SAM TAYLOR reviews Steven Spielberg’s Bridge of Spies, nominated for Best Picture at the Academy Awards.
It is 1957, the height of Cold War tensions. In America primary school children pledge allegiance to the star-spangled banner and watch nuclear attack survival videos. In Germany, the Berlin Wall is erected and snow falls hard on the desolated Eastern half of the city.
In this atmosphere of distrust the two opposing nations send spies to uncover their enemy’s secrets. Rudolf Abel, played by Shakespeare sweetheart Mark Rylance, is captured first. The authorities want a show trial, but in steps Tom Hanks, perpetual good guy, here disguised as Irish-American insurance lawyer James B. Donovan. Donovan is determined to give Abel a fair hearing, recognising that the time will come when America will need a bargaining tool with the USSR. The time comes later, and Donovan flies to Berlin to arrange a swap for captives Francis Garry Powers and student Frederic Pryor, captured on the day the wall was put up.
As a thriller essentially focused around diplomacy and politics, the film demands a long attention span at two and a half hours. The film exudes mystery from its speech-free opening scene, starting with a microscopic close up of Rylance, every muscle and sinew straining. Bridge of Spies rarely dwells on action-heavy sequences, relying instead on the tension created by the strength of its dialogue and narrative – something that is very difficult for a blockbuster to pull off. Though the film, perhaps, does go on too long, intrigue is generally maintained.
The film captures the Cold War mood very well. Director Spielberg should take a lot of credit for the strength of the setting, as it is conjured by confident and expansive shots of enormous, highly detailed sets – that of East Berlin is particularly evocative. Though short in relation to the rest of the film, the scene where couples attempt to climb over the wall only to be gunned down is the film’s most powerful. Like Rylance’s acting, the moment is underplayed, momentarily interrupting the comparatively cosy and somewhat futile world of espionage in order to expose the cruel effect Cold War politics had on ordinary citizens.

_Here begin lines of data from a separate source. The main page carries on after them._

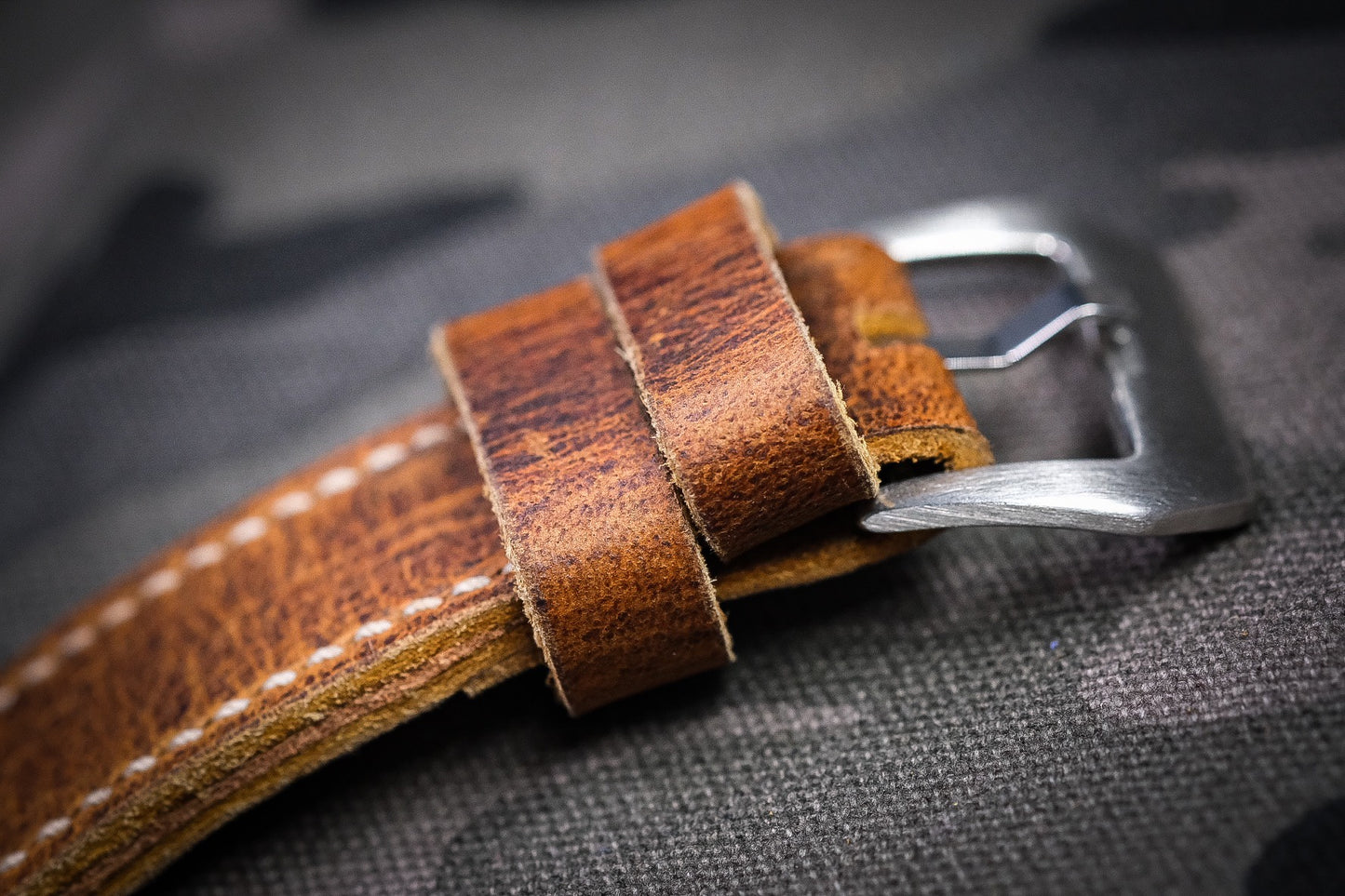 Vintage brown cow handmade watch strap for Panerai HDPAM47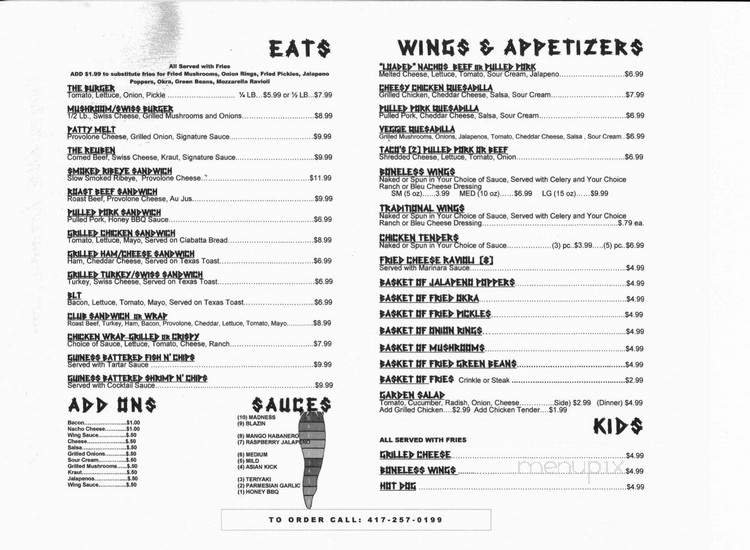 Menu page 2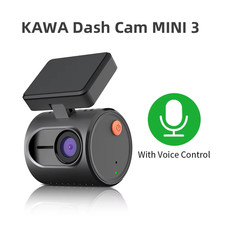 2K KAWA Mini 3 Dashcam mit WiFi, Sprachsteuerung & Nachtsicht Auto DVR Recorder
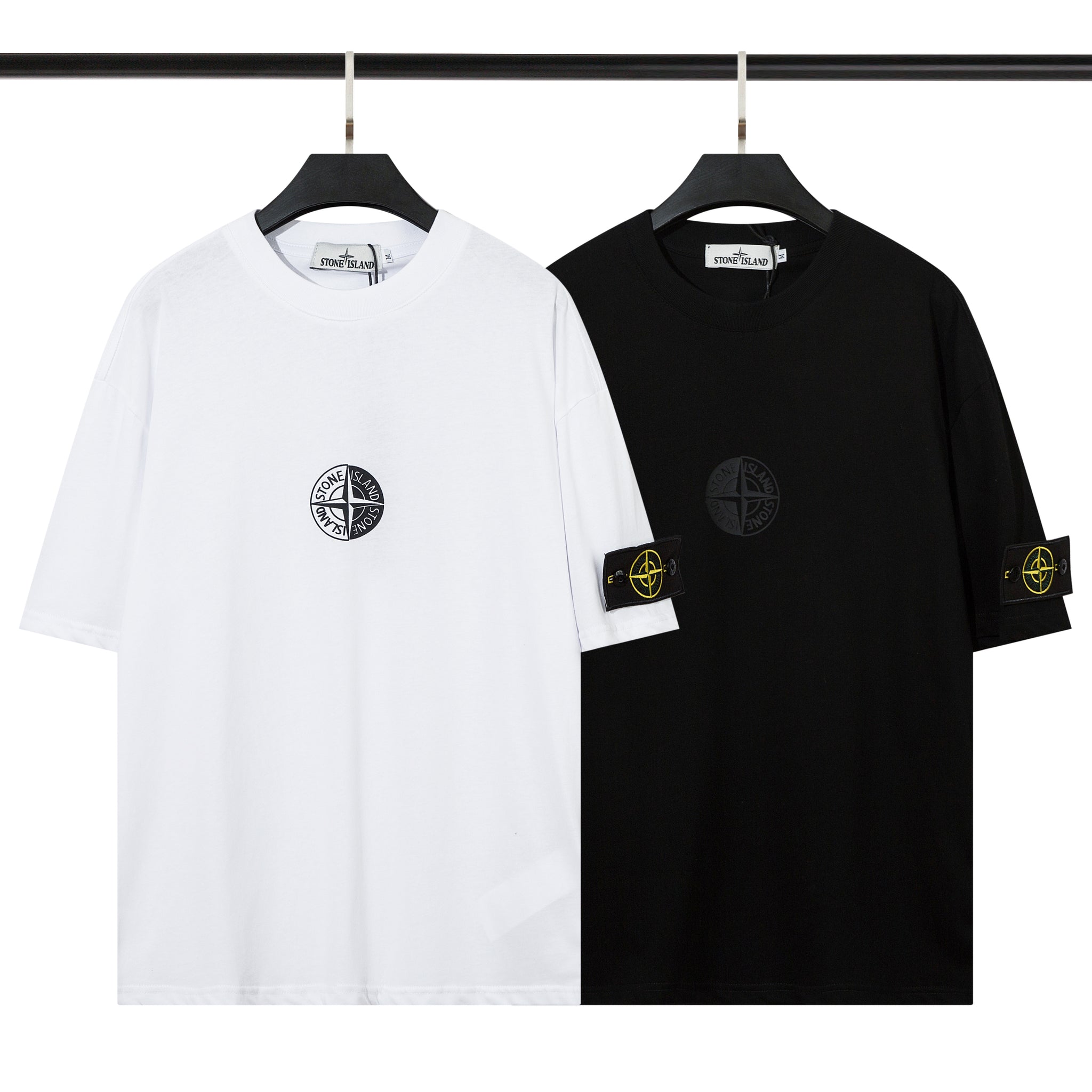 SSS - Short Sleeve Badge/ Logo T-Shirt - Stone Streetwear Studio | Timeless Clothing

Tom Hanks’ characterisation of Donovan is accomplished but in a very similar mould to his portrayal of Captain Phillips in the 2013 film of the same name. Meanwhile, Rylance’s performance is fine, but he is not given too much to work with. His defining moment seems to be his wry repetition of the phrase ‘would it help?’ which eventually becomes blunted when everything Abel says is supposed to be droll and poignant. The rest of the casting does little to help the diversity debate that has been so glaringly highlighted by the recent Oscar nominations, with most of the cast being almost exclusively white and male.
The main problem with Bridge of Spies is its simplistic and divisive characterisation of the Americans and the Russians. Just as Hanks is similar to Captain Phillips, so is the film in its ‘land-of-the-free’, pro-America bias. At first Bridge of Spies appears highly critical of reactionary, bloodthirsty American public opinion against Donovan who becomes “the most hated man in America”. But this self-criticism is not sustained.
The Americans aren’t shown to torture or even interrogate Abel at all – something that is hard to believe given their track record. They even provide Abel with a set of paints and paper (how thoughtful!), while the Russians aggressively and frequently interrogate Powers, waking him up in the middle of the night, waterboarding him and using violence. Nearly all the Russian characters apart from Abel are hinted at being underhand and mischievous in some way. The film gestures as if it will challenge American public consciousness, but still ultimately feels like a film with a Hollywood imprint.
Bridge of Spies is halfway towards being a considered, well-written thriller, but is blemished by a stereotypical, one-eyed patriotism that undermines the complexity of its themes and plot.